GStreamer, Embedded Linux, Android, VoD, Smooth Streaming, DRM, RTSP, HEVC, PulseAudio, OpenGL. Register now to attend.

Advertise here

OLPC's software update problem

From the outside, much of the work going on at the One Laptop Per Child project appears to be oriented toward hardware. Successive test versions of the now well-known little green computer have been produced, each with more powerful components and (presumably) fewer glitches than those which came before. Work on getting suspend/resume functioning properly - critical for the laptop to meet its power use goals - is heading toward the final stages. It looks like a nice machine.

The software side of the OLPC project is just as interesting as the hardware.
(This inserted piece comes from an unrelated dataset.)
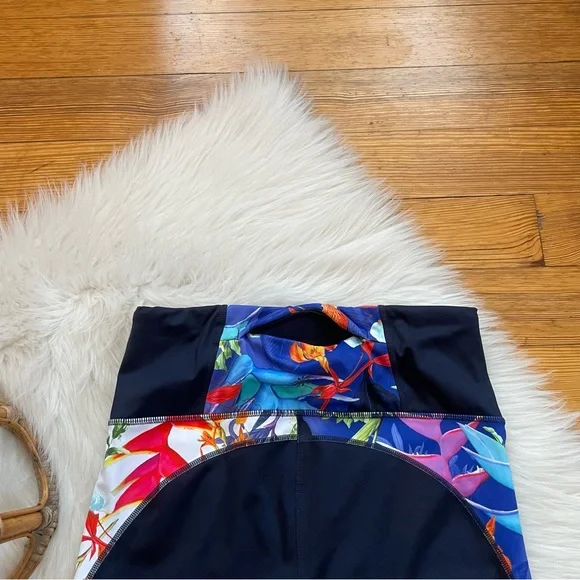 Athleta high waisted tropical print leggings size medium - Picture 12 of 12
The project has been occasionally criticized, though, for concentrating on hardware and being slow to get its software together. Much of this criticism is not really warranted; work on the Sugar environment has been underway for quite some time, and there are a number of interesting applications coming together for this platform. In an area or two, however, it does seem like problems are being addressed a little later than might have been optimal.

One of those areas, as evidenced by a series of discussions on the project's mailing list, is the issue of software updates. The OLPC project plans to deploy millions of laptops into environments where skilled system administrators are scarce. It seems certain that, sooner or later, there will be a need to update the software installed on those systems - perhaps urgently. It is reasonable to expect that the children using these laptops might just not be entirely diligent in checking for and installing updates. So something with a relatively high degree of automation will be required.

There are some additional complications which must be taken into account. The OLPC project has decided to dispense with Linux-style package managers in favor of a whole-image approach. OLPC has the resources to fund some fairly strong servers and network bandwidth, but putting together the resources which can handle pushing an update to millions of laptops at the same time might still be a challenge. In fact, simply coping with update-availability queries from that many laptops would require significant resources. So how will OLPC handle software updates? It turns out that they still don't really know.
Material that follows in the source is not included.